A Phase I and Pharmacological Study with Imidazolium- trans- DMSO-imidazole-tetrachlororuthenate, a Novel Ruthenium Anticancer Agent

Twenty-four patients were treated at 12 dose levels (2.4-500 mg/m(2)/day). At 400 mg/m(2)/day, blisters developed on the hands, fingers, and toes. At 500 mg/m(2)/day, blisters persisted from weeks to months and slowly regressed. Although no formal common toxicity criteria (CTC) grade 3 developed, painful blister formation was considered dose limiting. Because the first signs developed at 400 mg/m(2)/day, the advised dose for further testing of NAMI-A was determined to be 300 mg/m(2)/day on this schedule.
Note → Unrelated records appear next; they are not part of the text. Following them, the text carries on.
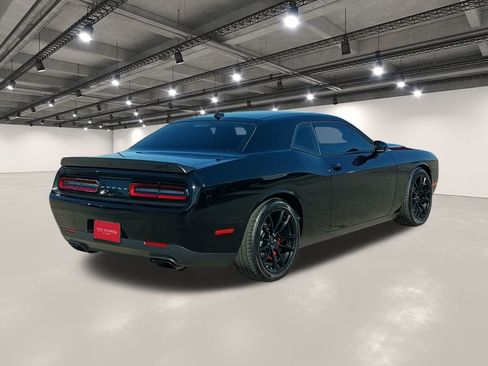 Used 2023 Dodge Challenger SRT Hellcat w/ Driver Convenience Group image 16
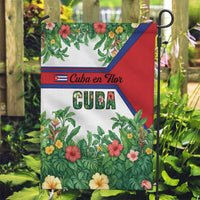 Cuba Floral Garden Flag Tropical Flower Design with Cuban Flag and Cuba en Flor Script - Wonder Print Shop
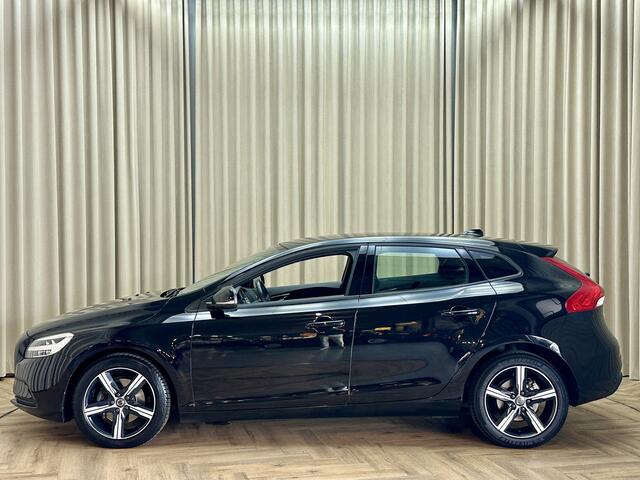Volvo V40 2.0 T2 *R-Design* Facelift / 1/2 Leder / Stoelverwarming / Camera / LED / Navi / Cruise Control / 17"LMV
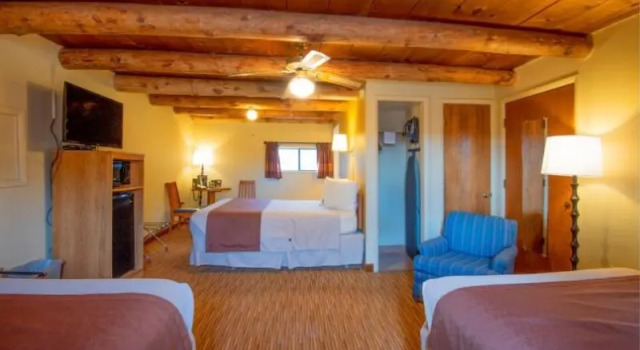 Standard Kolmen hengen huone Thunderbird Lodge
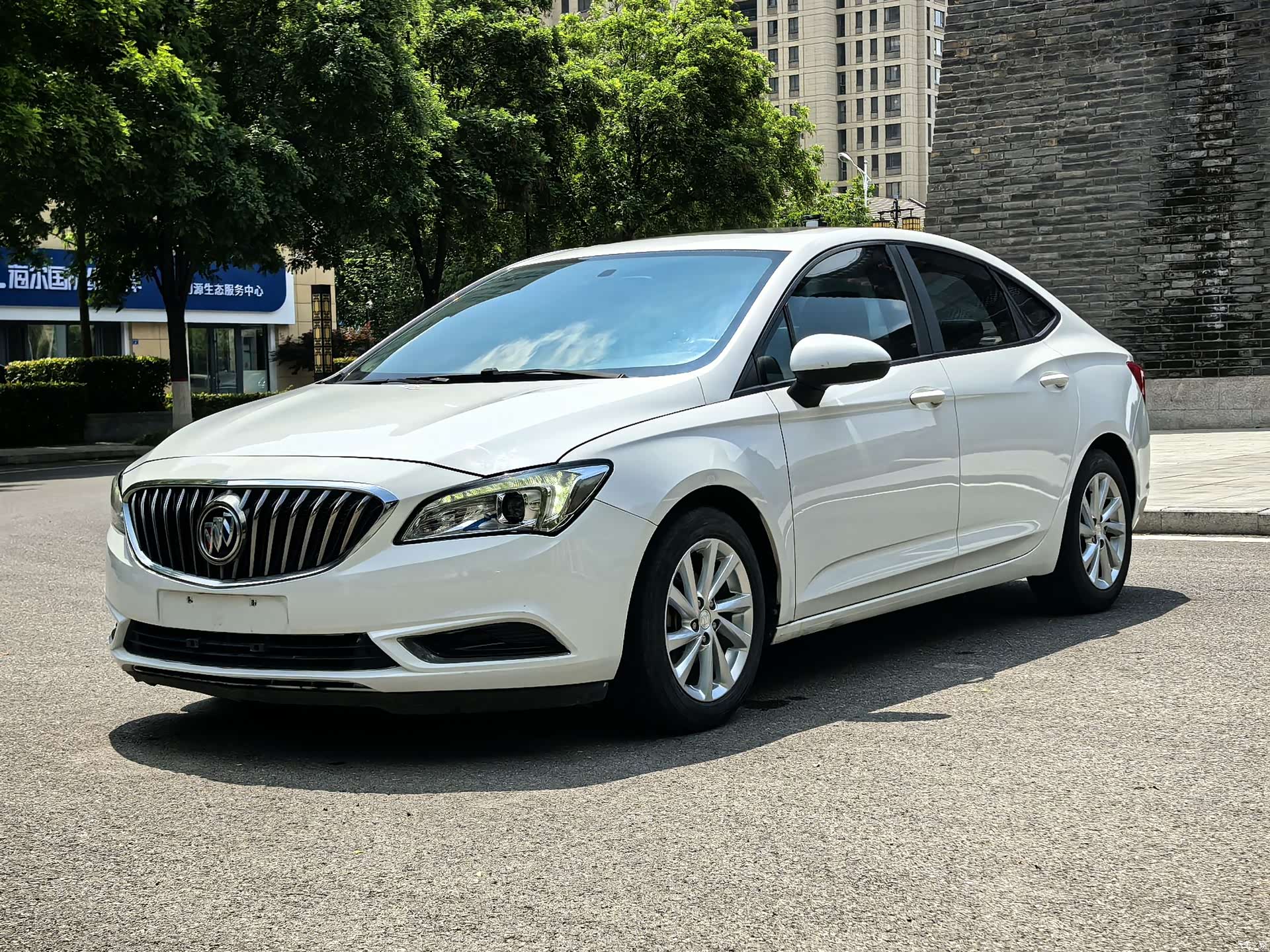 Buick Verano, 2016 1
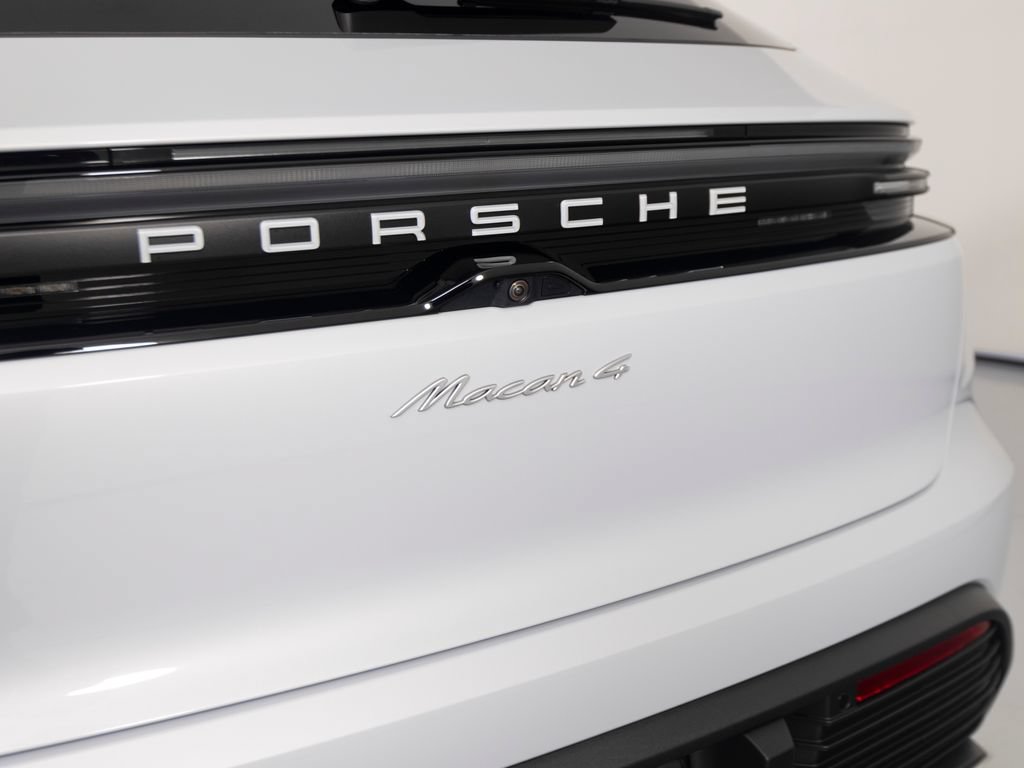 New 2026 Porsche Macan 4 Electric AWD/4WD image 42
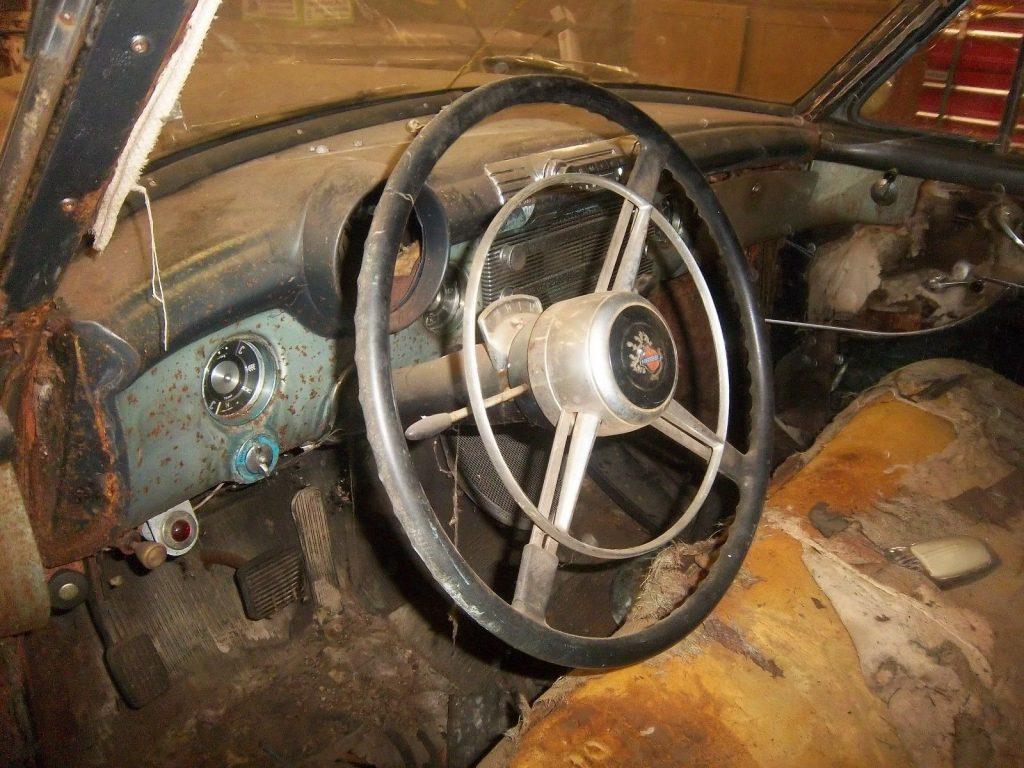 1952 Buick Riviera Super Barn find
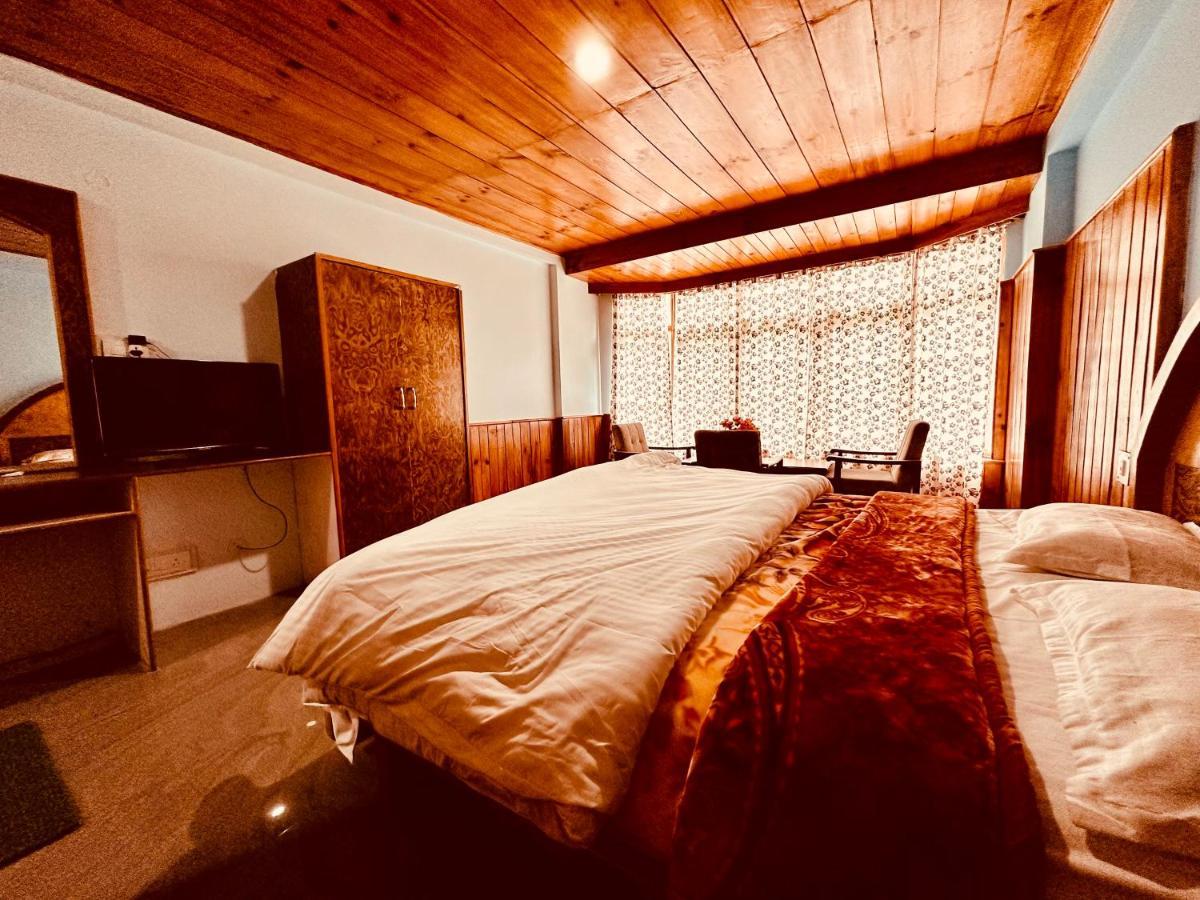Hotel D Kanchan Manali 외부 사진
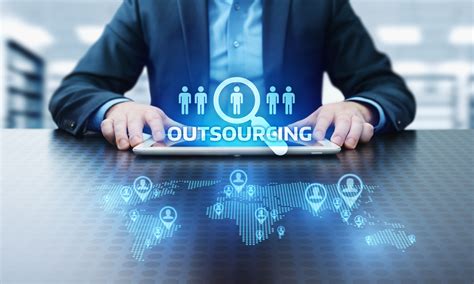 What is Software Development Outsourcing? A Strategy for Growth Amidst Global Challenges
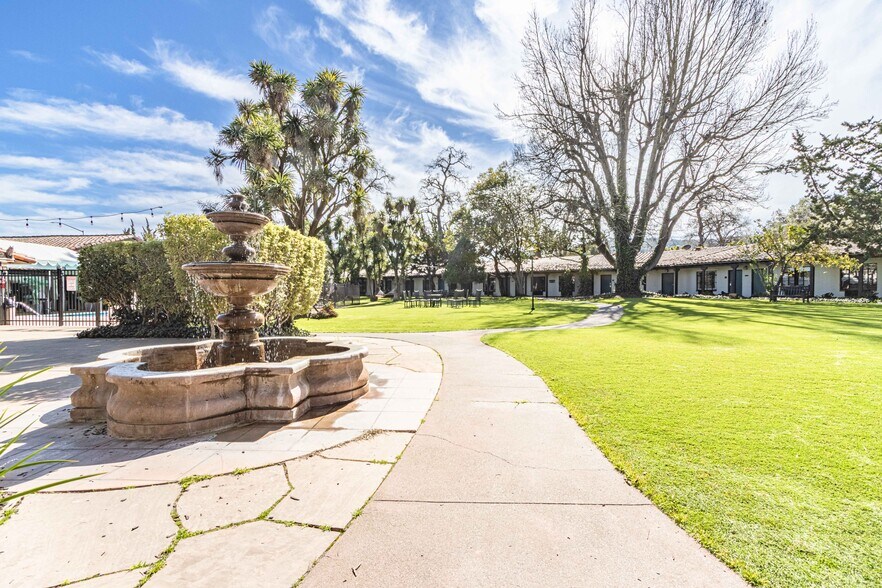 250 Entrada Dr, Novato, CA à louer - Photo de l’immeuble – Image 3 sur 15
PK analysis revealed a linear relationship between dose and area under the concentration-time curve (AUC) of total and unbound ruthenium (R(2) = 0.75 and 0.96, respectively) over the whole dose range. Plasma clearance of total ruthenium was 0.17 +/- 0.09 liter/h, and terminal half-life was 50 +/- 19 h. The volume of distribution at steady state of total ruthenium was 10.1 +/- 2.8 liters. The accumulation of ruthenium in WBC was not directly proportional to the increasing total exposure to ruthenium. One patient with pretreated and progressive nonsmall cell lung cancer had stable disease for 21 weeks.

NAMI-A can be administered safely as a 3-h i.v. infusion at a dose of 300 mg/m(2)/day for 5 days, every 3 weeks.